Thank you for the appreciation, it's nice to know Thespian has been useful.
The messages you are seeing indicate that the outbound message threshold is being reached. This threshold is designed to provide some back-propagation flow control within the system, although it's a bit of an optimistic approach.
To give more background for this, each Actor object is the main thread of execution for a process (when using one of the multiproc___ bases, which you are). The core algorithm for a Thespian Actor looks roughly something like this:
Actor starts
Open local inbound socket, set non-blocking mode
while select(all_open_sockets):
if socket_data_available and len(outbound_queue) < threshold:
read_data
if read_is_complete_message:
self.receiveMessage() # <-- your code gets called here
if socket_outbound_can_do_work:
non-blocking send data
if all_data_sent:
close_outbound_socket
self.send():
place send message on outgoing queue
open outbound socket to target, set non-blocking mode
The general concept here is that the receiveMessage() call to your code will not spend overly-long periods of time before returning to that core while loop where the sockets can get serviced. The backpressure flow control concept here (via `len(outbound_queue) < threshold)`) is that if your actor has a large number of outbound messages queued, it's a result of incoming requests to do work, so the incoming work is paused and the actor is put in tx only mode to flush the output; once the queue amount drops below a lower threshold, receives will be resumed (the above pseudo-algorithm is a simplification: there is actually an upper and lower threshold marking points where the actor becomes tx-only and full tx-rx, respectively, to provide some hysteresis for transitions between these modes).
The messages you are seeing are from when the threshold test in line 4 fails.
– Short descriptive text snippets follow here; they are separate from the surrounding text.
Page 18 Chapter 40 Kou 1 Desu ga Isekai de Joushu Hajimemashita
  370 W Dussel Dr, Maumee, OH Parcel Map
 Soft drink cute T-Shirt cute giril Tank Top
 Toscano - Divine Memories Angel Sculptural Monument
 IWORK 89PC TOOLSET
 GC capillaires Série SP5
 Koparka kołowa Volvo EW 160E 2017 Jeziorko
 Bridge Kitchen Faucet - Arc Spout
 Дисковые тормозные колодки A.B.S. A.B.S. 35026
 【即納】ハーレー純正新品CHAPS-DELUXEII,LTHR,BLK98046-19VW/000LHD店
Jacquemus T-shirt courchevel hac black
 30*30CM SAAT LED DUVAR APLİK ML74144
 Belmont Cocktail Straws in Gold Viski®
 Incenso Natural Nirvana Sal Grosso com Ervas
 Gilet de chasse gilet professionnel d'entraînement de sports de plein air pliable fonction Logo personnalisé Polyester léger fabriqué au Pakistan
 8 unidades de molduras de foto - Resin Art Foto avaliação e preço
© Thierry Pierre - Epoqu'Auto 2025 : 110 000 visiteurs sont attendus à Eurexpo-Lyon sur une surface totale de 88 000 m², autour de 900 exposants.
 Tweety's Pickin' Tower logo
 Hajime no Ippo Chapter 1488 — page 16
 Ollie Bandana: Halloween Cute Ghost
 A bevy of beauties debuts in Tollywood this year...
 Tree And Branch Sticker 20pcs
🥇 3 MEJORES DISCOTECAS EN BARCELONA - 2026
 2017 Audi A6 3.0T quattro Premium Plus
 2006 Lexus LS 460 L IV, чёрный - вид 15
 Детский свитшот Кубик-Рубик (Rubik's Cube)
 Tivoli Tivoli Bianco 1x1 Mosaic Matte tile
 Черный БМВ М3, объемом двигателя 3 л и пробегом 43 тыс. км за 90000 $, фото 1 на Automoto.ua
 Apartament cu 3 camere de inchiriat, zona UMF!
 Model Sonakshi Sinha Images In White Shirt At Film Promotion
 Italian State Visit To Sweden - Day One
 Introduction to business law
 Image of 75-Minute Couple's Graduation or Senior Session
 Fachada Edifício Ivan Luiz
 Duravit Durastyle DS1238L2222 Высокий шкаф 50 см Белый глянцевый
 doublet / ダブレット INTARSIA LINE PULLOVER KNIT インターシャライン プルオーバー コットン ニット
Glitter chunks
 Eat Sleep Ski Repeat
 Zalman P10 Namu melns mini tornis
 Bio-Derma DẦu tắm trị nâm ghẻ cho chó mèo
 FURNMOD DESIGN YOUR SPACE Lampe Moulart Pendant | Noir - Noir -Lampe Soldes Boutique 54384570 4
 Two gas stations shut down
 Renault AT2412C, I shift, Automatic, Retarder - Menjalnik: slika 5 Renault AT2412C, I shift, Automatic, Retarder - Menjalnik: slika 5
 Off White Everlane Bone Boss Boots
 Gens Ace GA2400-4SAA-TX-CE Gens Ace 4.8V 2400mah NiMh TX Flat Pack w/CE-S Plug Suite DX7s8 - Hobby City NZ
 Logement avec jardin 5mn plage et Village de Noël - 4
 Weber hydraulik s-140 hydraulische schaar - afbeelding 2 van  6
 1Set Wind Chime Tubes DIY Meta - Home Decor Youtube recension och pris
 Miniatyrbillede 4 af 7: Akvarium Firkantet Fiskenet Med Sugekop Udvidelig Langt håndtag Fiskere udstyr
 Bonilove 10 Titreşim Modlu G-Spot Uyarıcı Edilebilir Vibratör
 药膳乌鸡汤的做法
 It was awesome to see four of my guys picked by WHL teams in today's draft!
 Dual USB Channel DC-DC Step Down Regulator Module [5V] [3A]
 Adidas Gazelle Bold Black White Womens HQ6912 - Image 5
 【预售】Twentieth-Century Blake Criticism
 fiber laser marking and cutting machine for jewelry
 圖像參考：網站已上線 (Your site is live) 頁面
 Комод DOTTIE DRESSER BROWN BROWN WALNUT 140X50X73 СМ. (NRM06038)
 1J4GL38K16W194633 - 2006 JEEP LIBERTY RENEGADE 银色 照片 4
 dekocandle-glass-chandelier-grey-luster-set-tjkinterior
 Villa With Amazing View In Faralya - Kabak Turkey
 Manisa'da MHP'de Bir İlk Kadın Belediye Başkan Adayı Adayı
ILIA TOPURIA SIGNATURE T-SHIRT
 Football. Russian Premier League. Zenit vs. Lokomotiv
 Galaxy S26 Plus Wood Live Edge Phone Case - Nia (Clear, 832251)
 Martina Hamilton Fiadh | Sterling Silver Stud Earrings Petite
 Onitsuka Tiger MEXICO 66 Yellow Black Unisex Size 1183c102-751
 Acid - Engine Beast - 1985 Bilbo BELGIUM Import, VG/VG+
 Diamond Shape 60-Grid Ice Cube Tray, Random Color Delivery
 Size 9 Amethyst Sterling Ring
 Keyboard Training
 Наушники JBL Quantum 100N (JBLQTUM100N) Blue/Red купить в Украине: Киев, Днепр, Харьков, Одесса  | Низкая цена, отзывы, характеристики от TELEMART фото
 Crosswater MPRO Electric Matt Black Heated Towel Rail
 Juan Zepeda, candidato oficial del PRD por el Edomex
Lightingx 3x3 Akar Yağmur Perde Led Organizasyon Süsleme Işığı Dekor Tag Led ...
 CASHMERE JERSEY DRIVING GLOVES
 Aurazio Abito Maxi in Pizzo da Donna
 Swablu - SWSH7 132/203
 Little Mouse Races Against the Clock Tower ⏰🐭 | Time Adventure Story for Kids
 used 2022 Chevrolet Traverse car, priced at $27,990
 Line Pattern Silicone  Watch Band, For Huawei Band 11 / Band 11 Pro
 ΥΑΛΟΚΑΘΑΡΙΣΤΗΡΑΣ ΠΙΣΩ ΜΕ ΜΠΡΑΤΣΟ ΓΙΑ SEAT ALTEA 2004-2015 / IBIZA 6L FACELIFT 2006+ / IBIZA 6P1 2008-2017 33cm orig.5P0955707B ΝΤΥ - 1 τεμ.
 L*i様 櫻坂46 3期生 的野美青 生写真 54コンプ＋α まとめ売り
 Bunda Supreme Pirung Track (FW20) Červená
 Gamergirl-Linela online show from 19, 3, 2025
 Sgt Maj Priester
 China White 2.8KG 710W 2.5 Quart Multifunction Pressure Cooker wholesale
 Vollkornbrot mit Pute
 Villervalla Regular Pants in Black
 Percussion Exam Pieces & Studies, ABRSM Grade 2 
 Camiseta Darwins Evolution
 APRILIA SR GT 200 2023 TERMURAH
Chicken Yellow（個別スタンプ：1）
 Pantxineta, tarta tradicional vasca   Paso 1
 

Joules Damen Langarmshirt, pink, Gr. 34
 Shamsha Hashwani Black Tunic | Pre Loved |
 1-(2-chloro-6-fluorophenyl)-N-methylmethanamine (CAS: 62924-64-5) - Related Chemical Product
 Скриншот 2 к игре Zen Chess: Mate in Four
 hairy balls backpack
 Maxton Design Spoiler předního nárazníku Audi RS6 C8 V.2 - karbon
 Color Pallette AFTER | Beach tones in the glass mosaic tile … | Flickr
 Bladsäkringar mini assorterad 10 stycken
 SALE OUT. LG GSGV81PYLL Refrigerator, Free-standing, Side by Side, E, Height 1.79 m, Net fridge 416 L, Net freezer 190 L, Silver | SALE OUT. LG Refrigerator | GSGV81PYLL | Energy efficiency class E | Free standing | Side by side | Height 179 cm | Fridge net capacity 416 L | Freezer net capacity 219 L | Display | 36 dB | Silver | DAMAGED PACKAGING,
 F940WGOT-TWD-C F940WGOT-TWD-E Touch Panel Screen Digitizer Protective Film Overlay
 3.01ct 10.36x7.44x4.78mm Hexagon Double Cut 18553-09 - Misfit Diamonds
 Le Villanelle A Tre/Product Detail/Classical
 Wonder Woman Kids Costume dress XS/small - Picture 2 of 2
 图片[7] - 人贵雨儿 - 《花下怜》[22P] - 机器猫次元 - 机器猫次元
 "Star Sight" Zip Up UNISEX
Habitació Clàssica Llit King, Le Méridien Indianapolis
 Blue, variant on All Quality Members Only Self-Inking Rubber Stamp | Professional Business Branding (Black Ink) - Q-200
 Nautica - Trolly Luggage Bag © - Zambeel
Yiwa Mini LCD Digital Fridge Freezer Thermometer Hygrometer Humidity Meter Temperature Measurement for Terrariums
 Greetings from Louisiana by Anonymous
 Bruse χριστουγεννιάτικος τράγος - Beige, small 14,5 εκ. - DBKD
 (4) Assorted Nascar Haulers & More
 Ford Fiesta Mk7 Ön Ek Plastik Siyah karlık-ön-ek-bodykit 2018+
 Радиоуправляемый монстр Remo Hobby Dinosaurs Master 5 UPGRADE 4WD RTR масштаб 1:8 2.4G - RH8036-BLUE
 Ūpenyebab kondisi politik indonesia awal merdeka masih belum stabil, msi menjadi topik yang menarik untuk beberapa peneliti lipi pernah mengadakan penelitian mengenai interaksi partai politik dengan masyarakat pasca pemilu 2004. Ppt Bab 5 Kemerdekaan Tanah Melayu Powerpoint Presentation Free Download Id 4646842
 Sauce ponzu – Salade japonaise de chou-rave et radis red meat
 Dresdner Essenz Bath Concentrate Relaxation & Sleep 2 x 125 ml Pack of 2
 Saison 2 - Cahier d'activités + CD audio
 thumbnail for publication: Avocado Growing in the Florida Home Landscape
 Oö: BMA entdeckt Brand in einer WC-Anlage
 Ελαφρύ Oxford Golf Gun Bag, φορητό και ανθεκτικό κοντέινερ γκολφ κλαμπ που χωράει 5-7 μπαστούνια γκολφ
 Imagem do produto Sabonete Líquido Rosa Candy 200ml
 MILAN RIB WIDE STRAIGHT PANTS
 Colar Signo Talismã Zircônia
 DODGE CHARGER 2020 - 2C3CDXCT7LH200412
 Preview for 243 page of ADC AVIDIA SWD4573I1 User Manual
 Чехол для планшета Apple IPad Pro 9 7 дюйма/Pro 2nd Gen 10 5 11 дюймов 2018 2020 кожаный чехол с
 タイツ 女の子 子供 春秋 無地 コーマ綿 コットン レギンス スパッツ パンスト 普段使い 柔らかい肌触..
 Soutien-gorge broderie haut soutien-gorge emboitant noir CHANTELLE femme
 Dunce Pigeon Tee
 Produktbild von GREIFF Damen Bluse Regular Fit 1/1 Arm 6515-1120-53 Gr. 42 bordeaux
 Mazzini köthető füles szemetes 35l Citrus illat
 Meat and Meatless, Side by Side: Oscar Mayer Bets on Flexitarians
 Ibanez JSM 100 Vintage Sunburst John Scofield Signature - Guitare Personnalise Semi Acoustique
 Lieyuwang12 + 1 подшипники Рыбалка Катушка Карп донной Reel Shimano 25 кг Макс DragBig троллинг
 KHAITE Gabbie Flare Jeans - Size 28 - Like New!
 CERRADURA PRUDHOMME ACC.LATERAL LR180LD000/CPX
There can be a couple of reasons why this would occur, including
1 - your receiveMessage() is calling send() enough times to reach the threshold
2 - item 1 is caused by either *receiving* a large number of messages, or a multiplier effect where an incoming message results in a large number of outgoing messages
3 - your receiveMessage() is busy-waiting/blocking and not returning to the surrounding scheduling loop to allow outbound non-blocking processing to run
4 - your actor is receiving a large number of requests, and the amount of time to process those requests in receiveMessage() is dominating the actor's runtime, which doesn't provide much "idle" time to process outbound requests in a non-blocking manner.
In the log messages you provided, the "p120979" means that that is the Actor running under process number 120979. You can examine that process to see which Actor this is (e.g. `ps -leafyw | grep 120979`), which will help you determine which Actor is being stressed.
My recommendations would be to:
A. review the implementation of that Actor to check for issues 1 or 2. If that Actor is generating very large numbers of sends, you may want to re-evaluate your design; if you decide this is appropriate for your design needs, then the threshold can be raised. Unfortunately, the threshold is hard-coded right now, so you would have to make a custom Thespian installation to effect this change (`MAX_QUEUED_TRANSMITS` on line 38 of thespian/system/transport/asyncTransportBase.py); let me know if this is what you end up doing so I know if this needs to be a user-configurable threshold in the future.
B. review the implementation of that Actor to check for issue 3. You mentioned "every 10 seconds": I don't know how you've implemented those timers, but I would advise using self.wakeupAfter()-->WakeupMessage instead of time.sleep() in your receiveMessage.
Let me know if this helps!
-Kevin